Abstract

Converted-wave amplitude versus offset (AVO) behavior may be fit with a cubic relationship between reflection coefficient and ray parameter. Attributes extracted using this form can be directly related to elastic parameters with low-contrast or high-contrast approximations to the Zoeppritz equations. The high-contrast approximation has the advantage of greater accuracy; the low-contrast approximation is analytically simpler.

The two coefficients of the low-contrast approximation are a function of the average ratio of compressional-to-shear-wave velocity (α/β) and the fractional changes in S-wave velocity and density (Δβ/β and Δρ/ρ). Because of its simplicity, the low-contrast approximation is subject to errors, particularly for large positive contrasts in P-wave velocity associated with negative contrasts in S-wave velocity. However, for incidence angles up to 40° and models confined to |Δβ/β| < 0.25, the errors in both coefficients are relatively small.

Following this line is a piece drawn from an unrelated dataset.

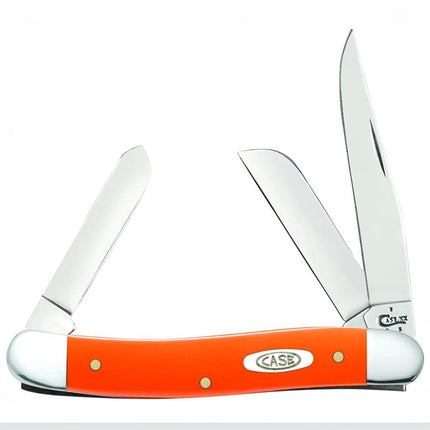 Case® | Smooth Orange Synthetic Medium Stockman Knife by caseknives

Converted-wave AVO crossplotting of the coefficients of the low-contrast approximation is a useful interpretation technique. The background trend in this case has a negative slope and an intercept proportional to the α/β ratio and the fractional change in S-wave velocity. For constant α/β ratio, an attribute trace formed by the weighted sum of the coefficients of the low-contrast approximation provides useful estimates of the fractional change in S-wave velocity and density. Using synthetic examples, we investigate the sensitivity of these parameters to random noise.

Integrated P-wave and converted-wave analysis may improve estimation of rock properties by combining extracted attributes to yield fractional contrasts in P-wave and S-wave velocities and density. Together, these parameters may provide improved direct hydrocarbon indication and can potentially be used to identify anomalies caused by low gas saturations.